Ob der bereits seit 2020 geforderte Abzug ausländischer Kräfte aus Libyen bis zu den Wahlen erfolgt, bleibt derzeit fraglich. Der schriftlich festgehaltene Einwand der Türkei in der Abschlusserklärung deutet darauf hin, dass nach wie vor unterschiedliche Interpretationen bezüglich der Definition ausländischer Interventionen zu bestehen scheinen. Zudem wiederholte die russische Regierung bereits in der Vergangenheit, dass die Söldner der Wagner-Gruppe als private Akteure und nicht im Auftrag des russischen Staates anzusehen seien. Ob, wann und wie ausländische Kräfte das Land verlassen sollen, scheint ihnen selbst überlassen zu bleiben bzw. wird diese Ausverhandlung in deren Verantwortungsbereich übertragen.
Hinzu kommt, dass nach wie vor auch Haftar in Ostlibyen seine Ambitionen nicht gänzlich aufgegeben zu haben scheint.
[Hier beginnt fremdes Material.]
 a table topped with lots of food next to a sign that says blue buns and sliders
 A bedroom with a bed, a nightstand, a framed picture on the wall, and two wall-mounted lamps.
Auch die Wiedervereinigung aller staatlichen Institutionen ist nicht abgeschlossen und der Einfluss von Milizen, vor allem in Ostlibyen, nach wie vor beträchtlich.
Obschon viele Libyer die zweite Berliner Libyen-Konferenz nur als Symbolpolitik betrachten, wird Deutschlands Vermittlerrolle geschätzt und anerkannt. Wie sich die Entwicklungen in Libyen in den kommenden Monaten weiter gestalten, wird vermutlich wie auch in den zurückliegenden Jahren nicht nur von Libyern selbst determiniert. Die multiplen Interessen regionaler und internationaler Akteure in Libyen lassen erahnen, dass weitere Konfliktpotentiale aufkeimen könnten. Umso entscheidender bleibt die aufmerksame internationale Beobachtung aller Entwicklungen in Libyen und das Dringen auf die Einhaltung des Berliner Prozesses und die Abhaltung freier und fairer Wahlen Ende dieses Jahres. Die zweite Berliner Libyen-Konferenz könnte nicht die letzte ihrer Art gewesen sein.
[1] Berliner Libyen-Konferenz. Schlussfolgerungen der Konferenz. URL: Pressemitteilung Nummer 31/20 vom 19. Januar 2020 zur Berliner Libyen-Konferenz (Schlussfolgerungen) (bundesregierung.de) (08.01.2021).
[2] KAS-Länderbericht Januar 2021 Libyens Schicksalsjahr. URL: Konrad-Adenauer-Stiftung - Libyens Schicksalsjahr (kas.de) (14.04.2021).